BRIEF: Could you copy the records below exactly, keeping none of the images?

EXERCISE DATA:
++++++++++++++++++++

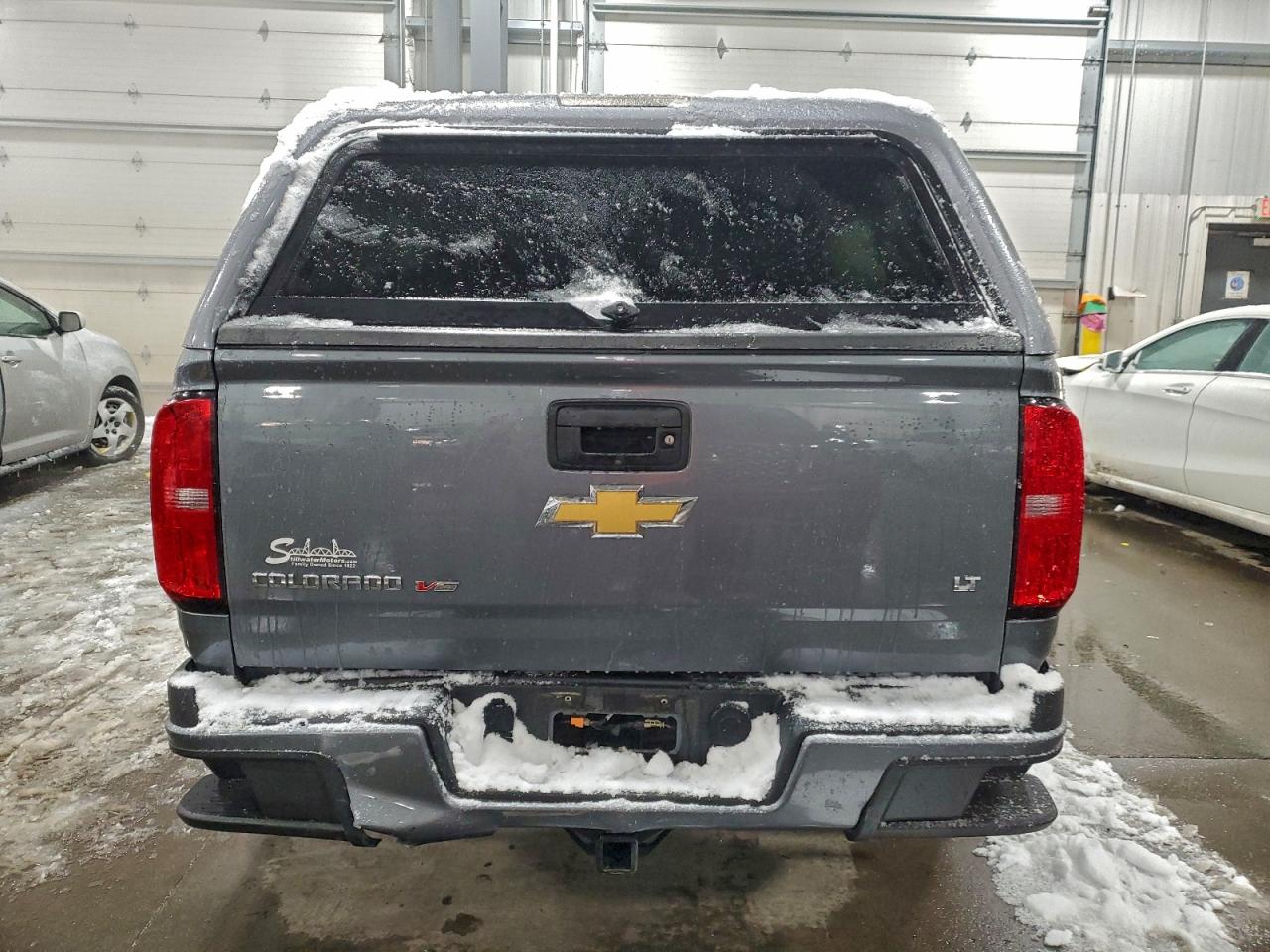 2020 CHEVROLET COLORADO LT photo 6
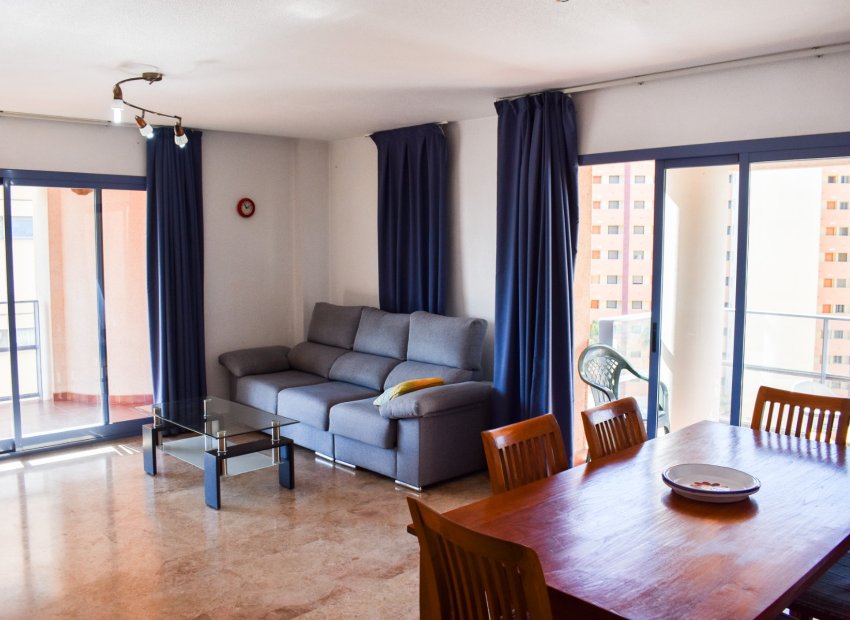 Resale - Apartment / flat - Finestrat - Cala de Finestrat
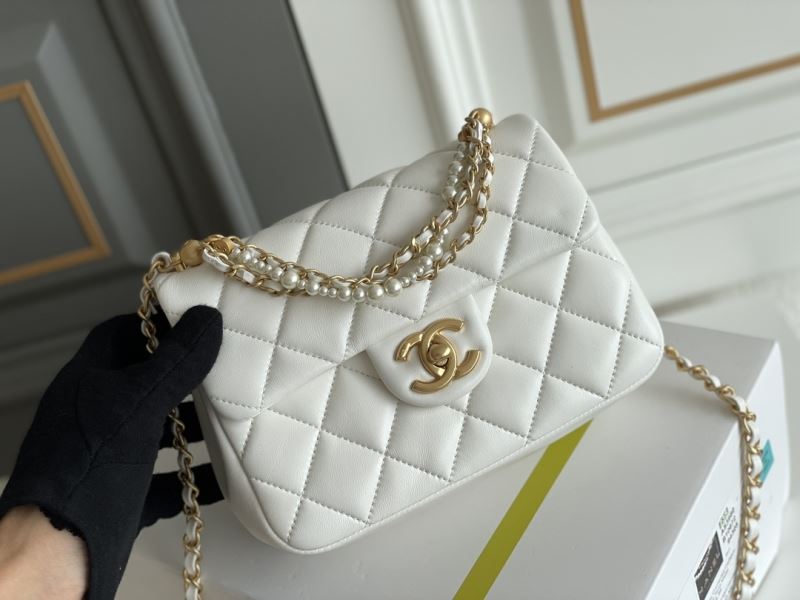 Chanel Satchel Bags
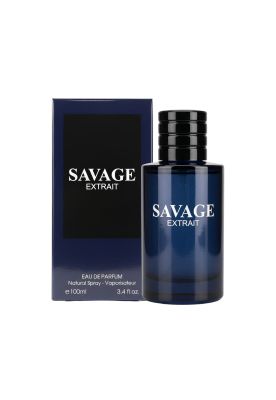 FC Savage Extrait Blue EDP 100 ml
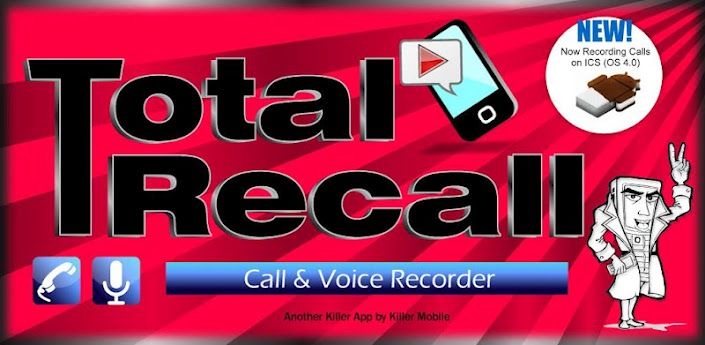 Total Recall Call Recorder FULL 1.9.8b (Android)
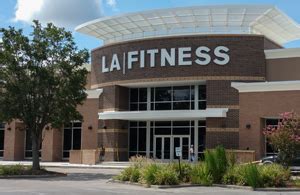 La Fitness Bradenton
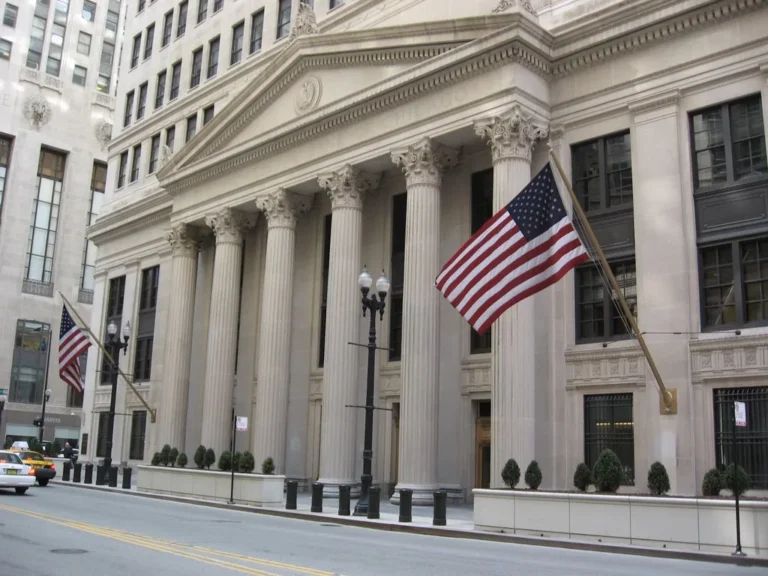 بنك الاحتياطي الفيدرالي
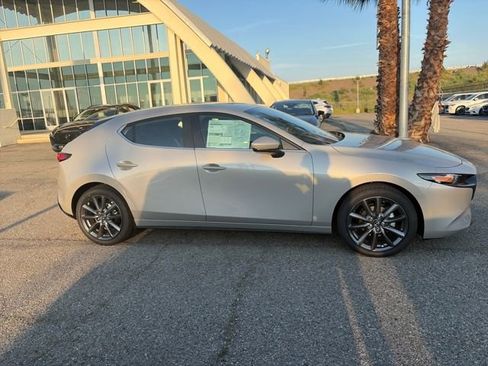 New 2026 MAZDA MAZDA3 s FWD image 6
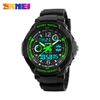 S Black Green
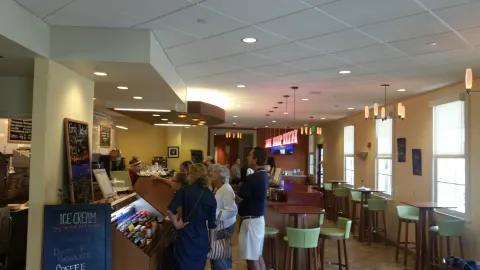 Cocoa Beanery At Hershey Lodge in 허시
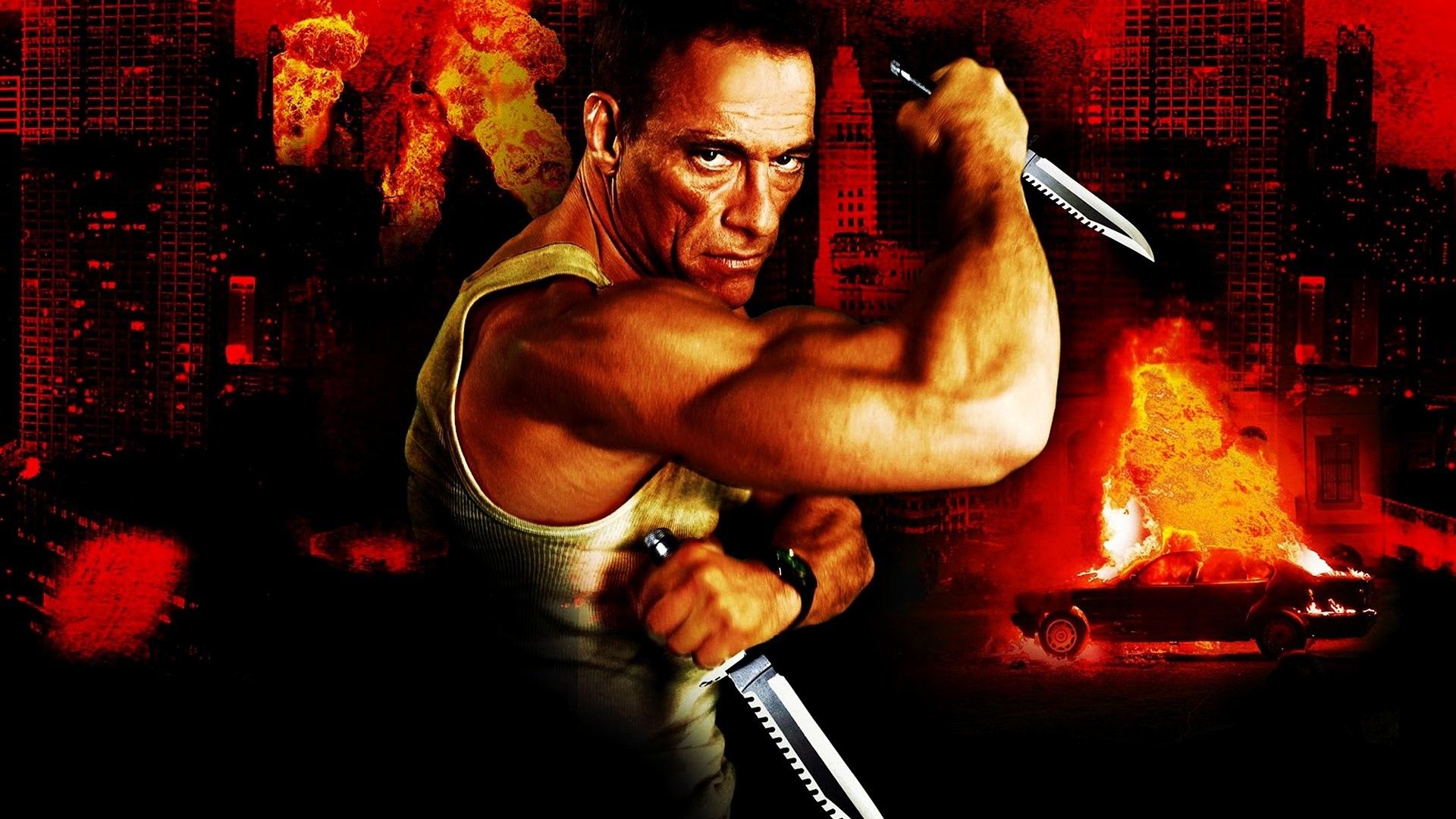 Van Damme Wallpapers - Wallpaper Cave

++++++++++++++++++++

SOLUTION TO THIS TASK:
 2020 CHEVROLET COLORADO LT photo 6
 Resale - Apartment / flat - Finestrat - Cala de Finestrat
 Chanel Satchel Bags
 FC Savage Extrait Blue EDP 100 ml
 Total Recall Call Recorder FULL 1.9.8b (Android)
 La Fitness Bradenton
 بنك الاحتياطي الفيدرالي
 New 2026 MAZDA MAZDA3 s FWD image 6
 S Black Green
 Cocoa Beanery At Hershey Lodge in 허시
 Van Damme Wallpapers - Wallpaper Cave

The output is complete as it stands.